Last week’s debate over Bay Street banners brought into focus two of society’s uglier recent trends — out of control political correctness and our eagerness to run to the courts over every perceived slight.

The controversy came to light when a Port Orchard resident called the city and demanded it remove a banner strung over Bay Street advertising the Christian Life Center’s Easter celebration. The caller believed it was inappropriate for what he or she considered a religious message to be displayed on the publicly owned downtown marquee. The city responded by calling Fire District 7, which is responsible for putting up and taking down Bay Street banners, and ordering the banner removed.

Fire District 7 Chief Mike Brown declined, saying, “We’ve hung this sign for three years in a row and there’s been no problem.”

“It’s a sad state of affairs when someone complains about something (not) being politically correct and we have to change the way the city operates,” said City Councilmember Ron Rider.

Amen to that.

No doubt the complaining party will cite the establishment clause of the Constitution to justify his or her objections. It’s a familiar yet bogus argument, of course, since the wording of the law states that, “Congress shall make no law respecting an establishment of religion...”

In this case, it’s the Port Orchard City Council, not Congress, that’s making the law. You’d also need a pretty vivid imagination to construe hanging a banner for the church to mean we’d established the Christian Life Center as the official church of Port Orchard.

But stranger things have happened — which explains why muncipalities throughout the country have been forced to turn their annual Christmas festivities into “Holiday Celebrations” and the like. All it takes is one ACLU-funded lawsuit in front of one activist judge who’s more concerned with writing laws than enforcing those already on the books, and pretty soon a city finds itself saddled with hundreds of thousands of dollars in legal fees.

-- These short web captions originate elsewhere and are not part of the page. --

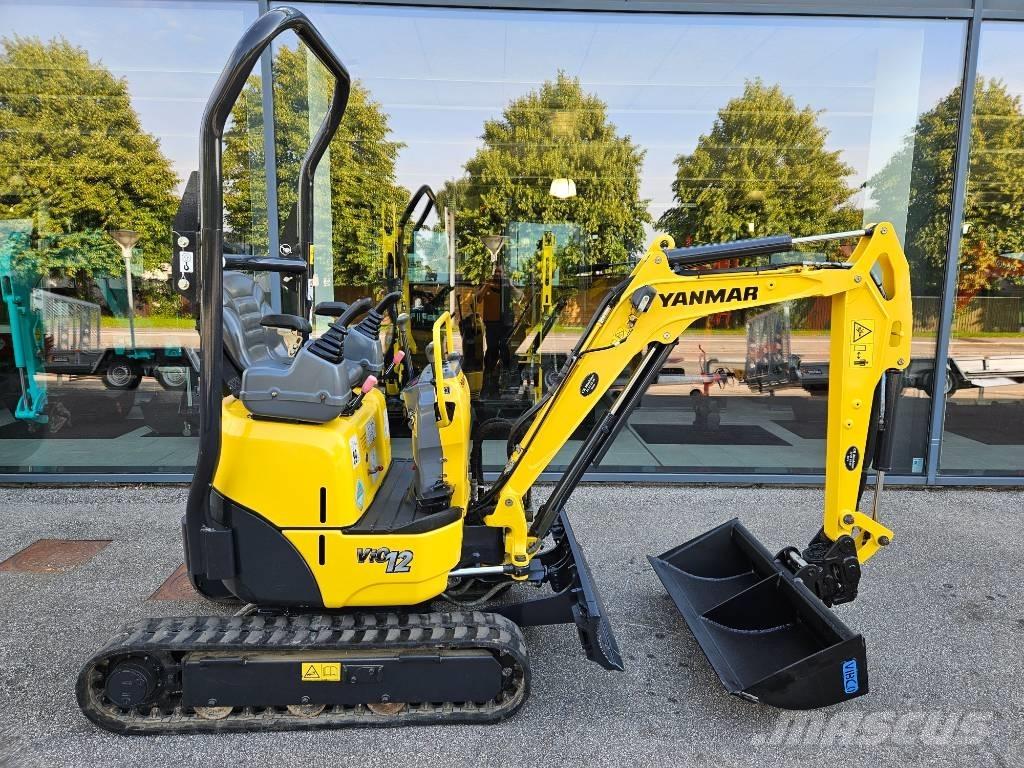 Yanmar Vio 12 Miniexcavadoras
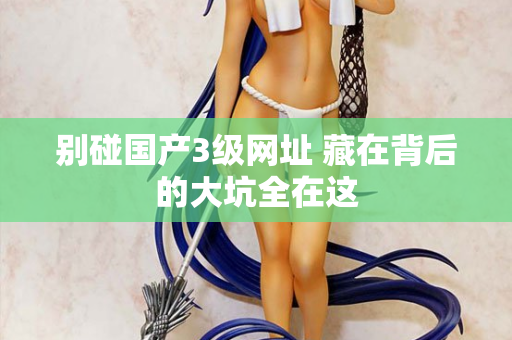 别碰国产3级网址 藏在背后的大坑全在这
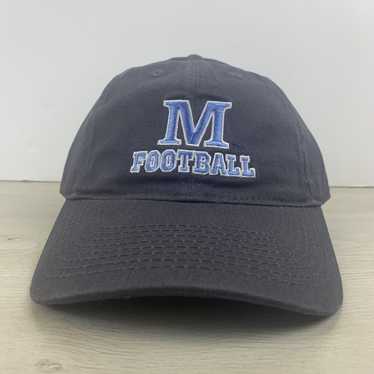 Other M Football Gray Hat Adjustable Gray Hat Adu… - image 1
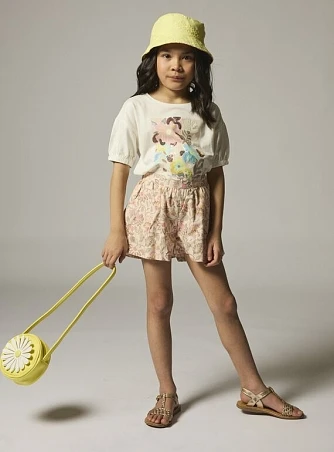 Παιδικό Σορτς για Κορίτσια Flowing Floral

So, much as we hate to see anyone give in to this kind of ideological extortion, it’s hard to fault the city council for at least considering a modification of its standards regarding the hanging of banners.

Presently, the city’s regulations limit banners to advertisements for community events organized or hosted by nonprofit groups. By that guideline, the Christian Life Center certainly qualifies.

Moreover, since the church paid a $50 fee for the privilege of displaying its banner, the city could no more be said to endorse the content of the sign than, for example, a television station endorses the claims of every infomercial it broadcasts. It is a business transaction, not a statement of public policy.

Fire District 7 Commissioner Darla Hartly argued the law needs to be made more specific, noting that the general provision permitting the city to display a banner for any nonprofit could just as easily be applied to a church as to the Ku Klux Klan.

The district’s attorney agrees. For the city to accept payment for services from one and not the other could be considered discriminatory, he said, in the absence of clear guidelines to the contrary.

It’s a measure of how far we’ve come in the wrong direction that a church and a hate group can in any way, shape or form be lumped together. But just because anyone with a room temperature IQ should be able to distinguish between the two is no guarantee a judge will.

Ultimately, we hope the city is able to craft an ordinance that allows a church to advertise its offerings as readily as any other voluntary public service organization, for example the Rotary or Kiwanis clubs.

It’s just a shame we’ve reached the point where one disgruntled resident with a lawyer can turn a whole community — and common sense — on its ear.